Time for the post-Covid reset

16 April 2021

The announcement of the Trans-Tasman bubble is the start of a reset for New Zealand.  It signals the move from the Covid lockdown phase into recovery mode.  It also heralds a suite of changes that will come about as vaccination strives towards herd immunity across the world, and the traffic light system for by-passing Government Managed Isolation and Quarantine (MIQ) from Covid free areas frees up travel between countries. 

Our economy will be the main beneficiary of these changes.  Tourism, usually worth $17 billion to New Zealand, has had a very tough year.  Linked to tourism is the hospitality sector and similarly, it has had a tough year as have those businesses that provide services, goods and produce for hospitality.  The Covid recovery mode will also be the time for New Zealand to start repaying the wage subsidies that were paid out during 2020 and earlier this year.

It is clear that there will not be a return to pre-Covid days.  The world has changed, so now it is time for the Government and industry to do a reset, and put in place the building blocks for how we are going to operate in the post-Covid world.  This means that we need to learn from Covid and apply the lessons to the reset. 

One of the key influencers that is coming is rate increases and corresponding price increases.  The relative financial ease under which we operated pre-Covid will not return. This is because it will take time for the economic recovery to take hold.  Many businesses are operating at less than optimum levels and some have had no choice but to go out of business.  In addition, the financial reality of climate change adaptation and freshwater regulation will add cost to every business and household across the country.

This can be seen in the Horizons Plan Change 2 announcement on 13 April.  The risks that we faced as a country with this plan change was that vegetable growing in the Levin area could have been disallowed.  This would have had an instant ripple effect onto the supply of fresh healthy vegetables to Wellington and the lower North Island.  This is because Levin supplies 20% of New Zealand’s leafy greens and brassica. 

Thankfully the need to feed our own people has been recognised by Horizons but at significant cost to growers in that area.  There are now going to be very hard targets put in place to control leaching.  This will mean that some land that is now growing vegetables will need to retired, and the growing operations re-located and adapted.  At a significant cost to the Levin growers, the environment will be enhanced and meet the horticulture industry’s commitments to New Zealand.  But this cost will have to be passed on, in part, to those who buy vegetables.

That said, over the past few years, Levin growers have made significant environmental upgrades at their own expense, by adapting their grower methods, using sustainable cultivation techniques, and carefully controlling water and fertiliser.  More than 90% of Levin growers have independently audited farm environment plans, which are the blueprint for the changes that have been made and the evolutionary changes that are now required by Horizons Plan Change 2. 

The reset is already happening for these growers and is also progressively happening across the country.  The Levin grower reset will now have a corresponding consumer reset, as the price of vegetables will need to rise to help pay for environmental adaptation, like the Horizons Plan Change 2 changes.

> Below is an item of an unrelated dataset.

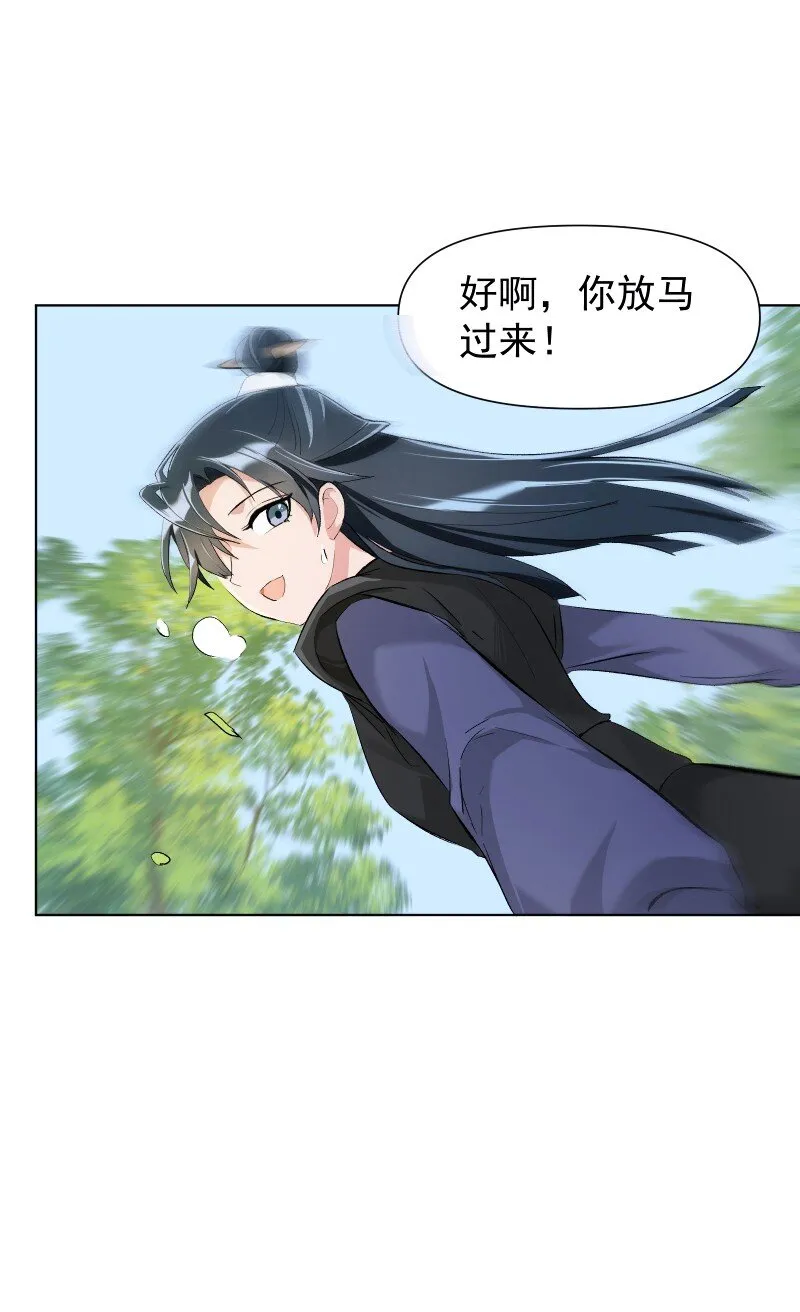 09 最想保护的人 第52页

Vegetable growing is not an exception within New Zealand industry.  Similar resets are happening across all our enterprises.  These resets are here for the long term and will result in an increase in our cost of living.  My question is ‘where’s the corresponding Government reset?’, as industry and consumers adjust by paying more in rates and everything that they purchase. 

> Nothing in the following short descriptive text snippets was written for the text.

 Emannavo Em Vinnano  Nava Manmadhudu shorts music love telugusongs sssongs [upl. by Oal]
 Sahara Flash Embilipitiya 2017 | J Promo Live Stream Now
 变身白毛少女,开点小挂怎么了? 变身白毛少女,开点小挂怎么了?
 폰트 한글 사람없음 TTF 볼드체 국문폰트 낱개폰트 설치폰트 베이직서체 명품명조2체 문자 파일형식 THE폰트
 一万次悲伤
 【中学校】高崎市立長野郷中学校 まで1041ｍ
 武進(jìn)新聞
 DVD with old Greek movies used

One area that the Government can focus on is the labour market, but not by returning to the pre-Covid settings.  It is time to look at a new and dynamic labour market, which recognises and enables skills and workers from across the world to contribute to the global economy and in turn, each country’s economy. 

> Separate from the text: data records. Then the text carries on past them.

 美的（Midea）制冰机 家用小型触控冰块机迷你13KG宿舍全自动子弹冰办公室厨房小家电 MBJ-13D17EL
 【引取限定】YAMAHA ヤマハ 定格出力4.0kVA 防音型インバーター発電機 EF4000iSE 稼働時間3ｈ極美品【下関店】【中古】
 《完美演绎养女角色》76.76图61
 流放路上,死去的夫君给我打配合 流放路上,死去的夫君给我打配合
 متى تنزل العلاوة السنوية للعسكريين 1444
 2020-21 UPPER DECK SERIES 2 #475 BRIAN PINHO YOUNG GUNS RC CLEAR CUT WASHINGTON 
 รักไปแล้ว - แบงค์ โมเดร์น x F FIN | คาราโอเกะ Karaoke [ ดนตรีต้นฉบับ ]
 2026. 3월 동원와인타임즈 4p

Gone are the days when countries were isolated and had to be self-sufficient with their labour and technology requirements.  We are in a fast moving, interconnected and technological world.  As the world pulls itself out of Covid, this will accelerate. 

The challenge for Governments is that in their own resets, they appreciate the global changes and put in place new labour and immigration settings for the new post-Covid world, which will enable their businesses and economies to thrive.